[Data to examine]
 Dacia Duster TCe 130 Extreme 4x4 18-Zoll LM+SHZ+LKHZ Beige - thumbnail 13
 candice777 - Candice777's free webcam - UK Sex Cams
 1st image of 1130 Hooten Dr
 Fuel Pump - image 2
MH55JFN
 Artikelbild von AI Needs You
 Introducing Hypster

---

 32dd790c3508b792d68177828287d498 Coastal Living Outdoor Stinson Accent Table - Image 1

[Problem to solve] Please give back exactly the lines of the listing above that run from the one containing "1st image of 1130 Hooten Dr" through the one containing "Introducing Hypster", and only those.

[Completed task]
 1st image of 1130 Hooten Dr
 Fuel Pump - image 2
MH55JFN
 Artikelbild von AI Needs You
 Introducing Hypster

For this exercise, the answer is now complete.